2. 上記の報告徴求命令に基づく報告及び立入検査により当社の業務運営状況を確認したところ、当社は、特定の大口取引先からの依頼に基づき、複数回にわたり利用者から預かった多額の金銭を流用し、一時的に同先の資金繰りを肩代わりしていた事実が認められており、法第63条の11(利用者財産の管理)及び法第63条の10(利用者の保護等に関する措置)に違反している。
上記法令違反に加え、自社の財務基盤・収益構造に関するリスク分析を行っておらず合理的な経営計画を策定していないほか、その他法令上求められる実効性ある態勢が整備されておらず、法令等遵守や適正な業務運営を確保するための実効性のある経営管理態勢が不十分であることが認められたことから、本日、当社に対し、法第63 条の17第1項及び法第63条の16の規定に基づき、以下の内容の業務停止命令及び業務改善命令を発出した。
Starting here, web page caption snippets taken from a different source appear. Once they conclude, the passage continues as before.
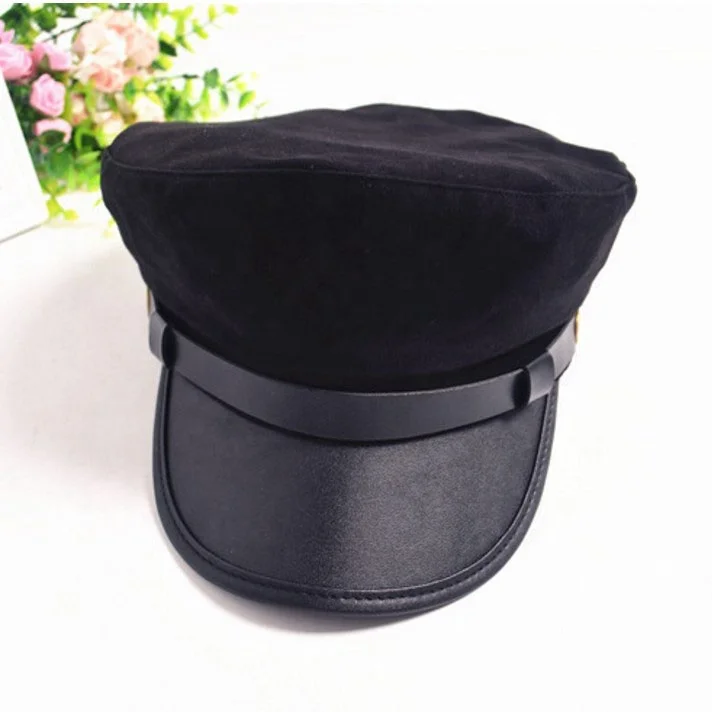 Akuma-0044 оптовая продажа Заказные синие хлопковые капитан моряк Шляпа пилот шапка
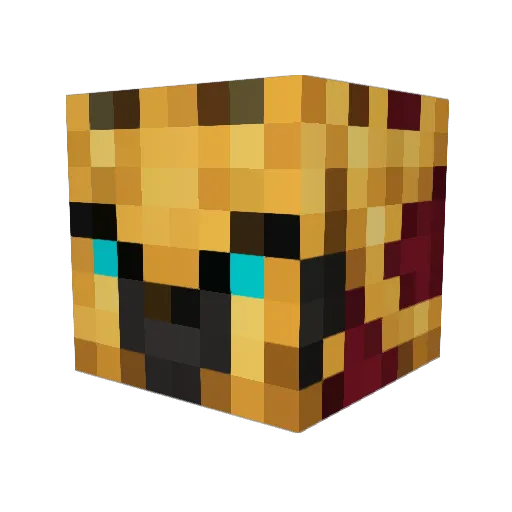 badcon123 Minecraft avatar head, 3D render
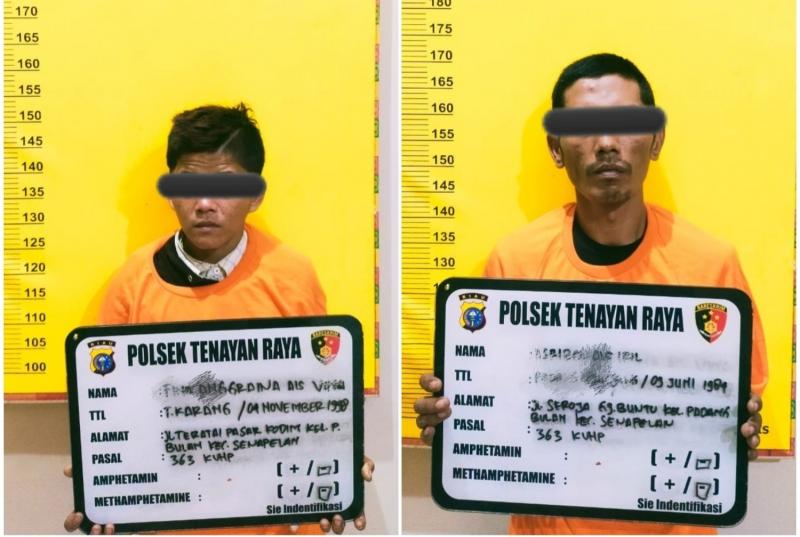 Bongkar Kios Ayam Potong, Pria dan Wanita Ini Ditangkap Polisi Patroli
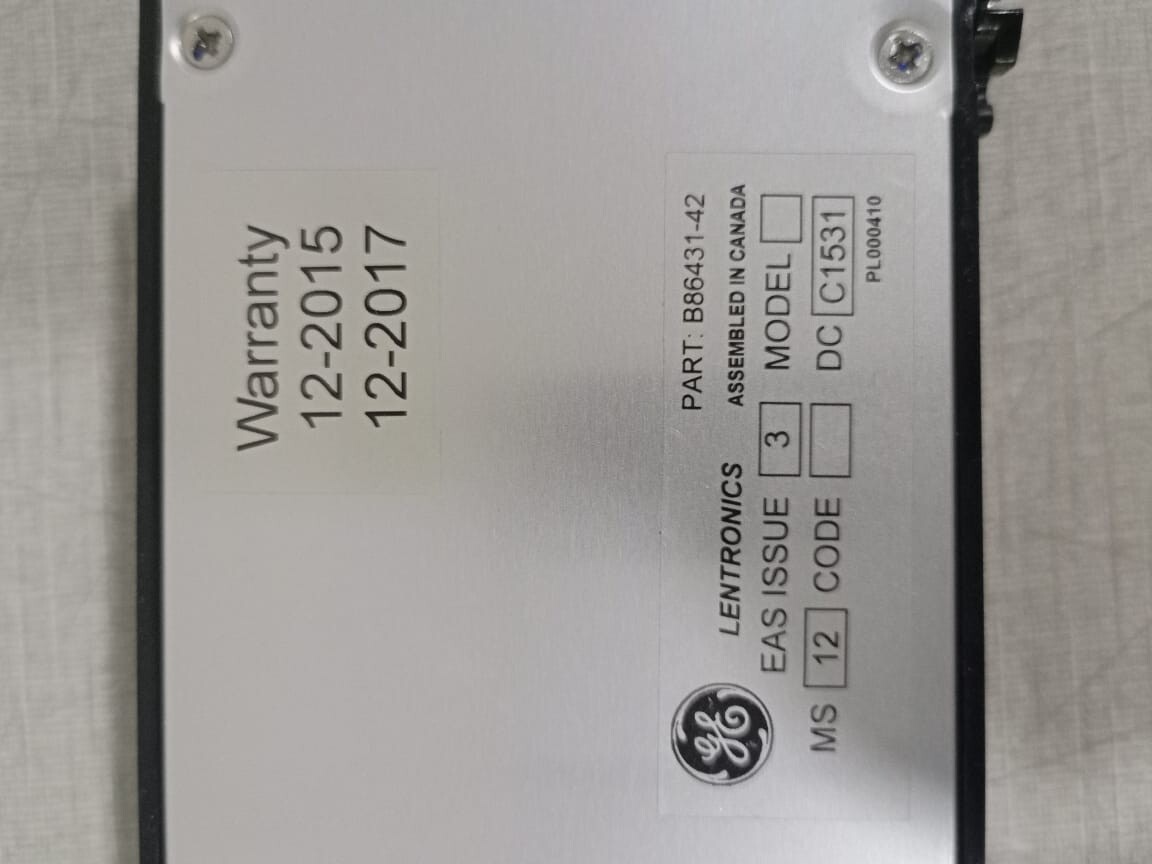 GE B86431-42 GE LENTRONICS MULTIPLEXERS B86431-42 (48V) Power Unit 9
(1)業務停止命令
平成30年4月13日から平成30年6月12日までの間、仮想通貨交換業に係る全ての業務(仮想通貨の交換等に関し利用者に対して負担する債務の履行、利用者財産の返還のための業務及び当局が個別に認めたものを除く。)を停止すること。(2)業務改善命令
適正かつ確実な業務運営を確保するための以下の対応
ⅰ 法令等を遵守するための実効性のある態勢の構築
ⅱ 利用者財産を適切に管理するための分別管理態勢の構築
ⅲ 合理的な経営計画の策定
ⅳ 取り扱う仮想通貨に関するリスク管理態勢の構築
ⅴ システムリスク管理態勢の構築
ⅵ マネー・ローンダリング及びテロ資金供与に係る管理態勢の構築
ⅶ 外部委託先管理態勢の構築
ⅷ 上記ⅰからⅶが実施できていない根本的な原因の分析・評価を行ったうえで、当該評価に基づく経営体制の抜本的な刷新、適正な業務運営を確保するための実効性のある経営管理態勢の構築上記ⅰからⅷの事項について、講じた措置の内容を平成30年5月14日まで及び当局の求めに応じて随時に書面で提出。
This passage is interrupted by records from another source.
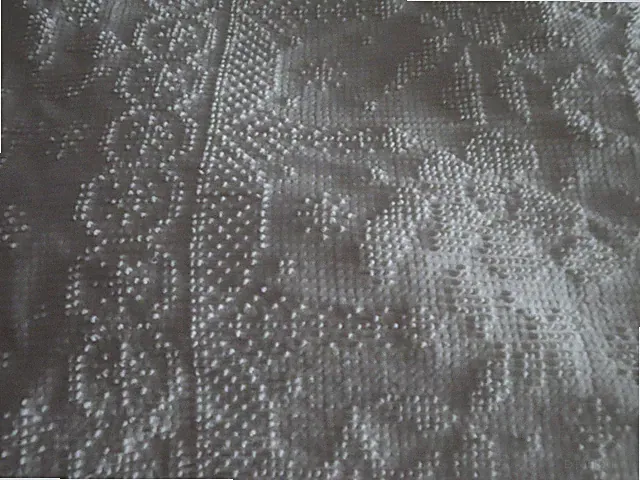 1960's White Bedspread Double Washington Hobnail Chenille 86x101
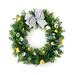 WS at Home 17" Spring Flower Wreath in Green | 17 H x 17 W x 3 D in | Wayfair ATH-WR-505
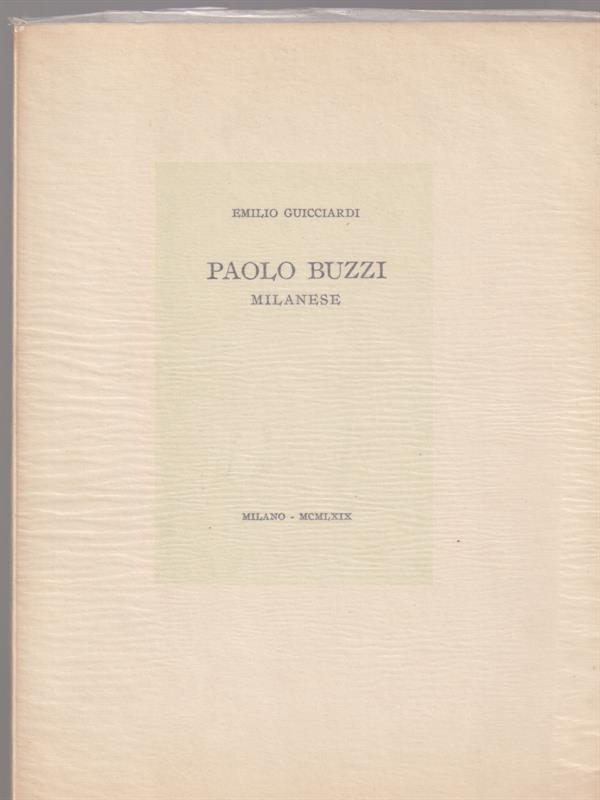 Paolo Buzzi milanese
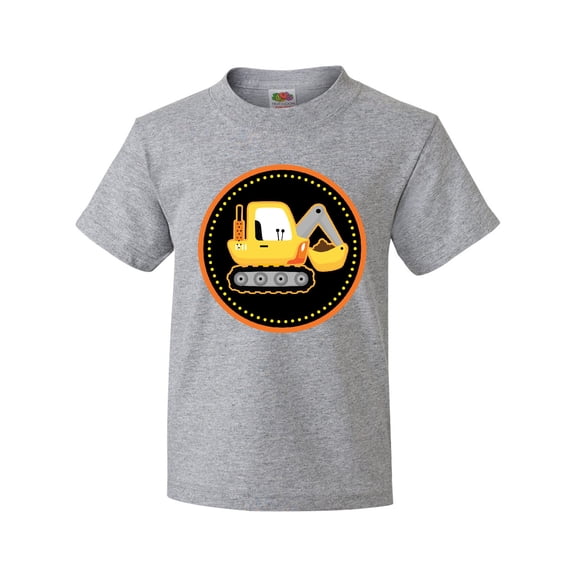 Inktastic Construction Digger Truck Youth T-Shirt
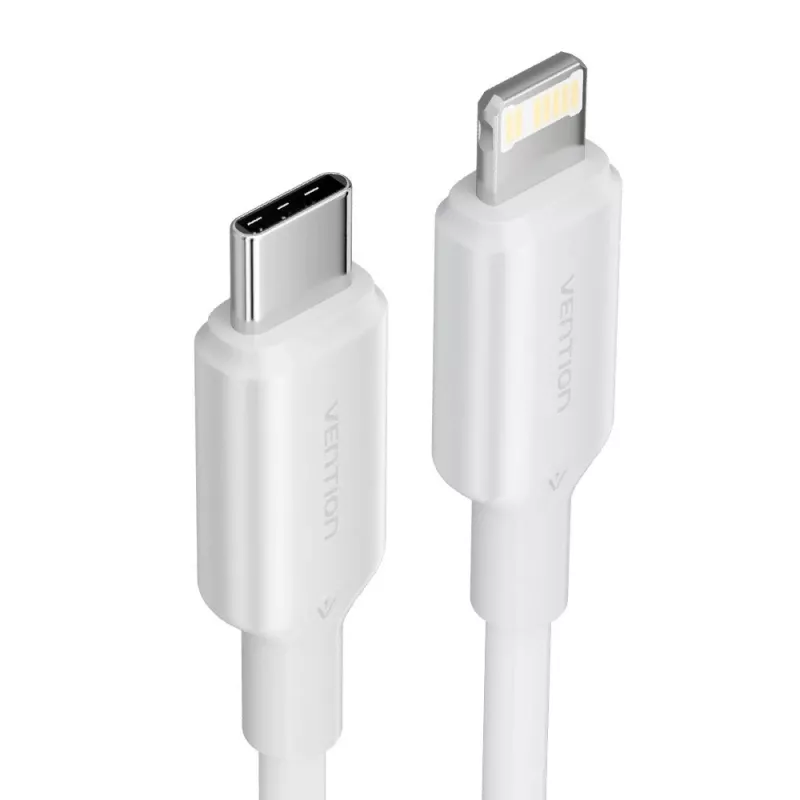 USB-C to Lightning kaabel 3A 480Mbps 1m Valge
http://kyusyu.mof.go.jp/rizai/pagekyusyuhp015000065.html
「複数回にわたり利用者から預かった多額の金銭を流用」とありますね。
また、「合理的な経営計画を策定していない」ともあります。
業務停止命令は平成30年4月13日から平成30年6月12日まで。
業務停止命令=倒産ではなく、一定期間活動ができなくなるだけのようです。
BMEXが業務停止命令を受けたのは2018年。
2019年11月22日のお知らせではBMEXは
「事業を停止しました」
「破産の申し立てには至っておりません」
とあります。
- ビットマスター: 破産
- BMEX: 活動はしないけど会社は残っている(破産はしていない)
BMEX火災情報、第2報は無し
【重要】ビル火災によるカスタマー業務対応について【第1報】
2019.8.29
日頃から、BMEXをご愛顧賜り厚く御礼申し上げます。
鹿児島オフィスの入居ビルが火災の為、現在カスタマー業務を停止しております。本火災による人的被害等はありませんでしたが、正式な業務復旧の目途は立っておりません。
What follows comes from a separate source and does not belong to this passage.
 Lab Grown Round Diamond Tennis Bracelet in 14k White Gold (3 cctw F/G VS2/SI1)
復旧次第、当ホームページお知らせにてご案内の予定です。皆様には大変ご迷惑をお掛けいたしますが、ご理解の程、よろしくお願いいたします.。
http://archive.today/hfJku
2019年8月29日にBMEXが「【重要】ビル火災によるカスタマー業務対応について【第1報】」というお知らせをリリースしています。
「復旧次第、当ホームページお知らせにてご案内の予定です」と書いてありますが、3ケ月経過した現在も、火災から復旧しましたというリーリースは発表されていません。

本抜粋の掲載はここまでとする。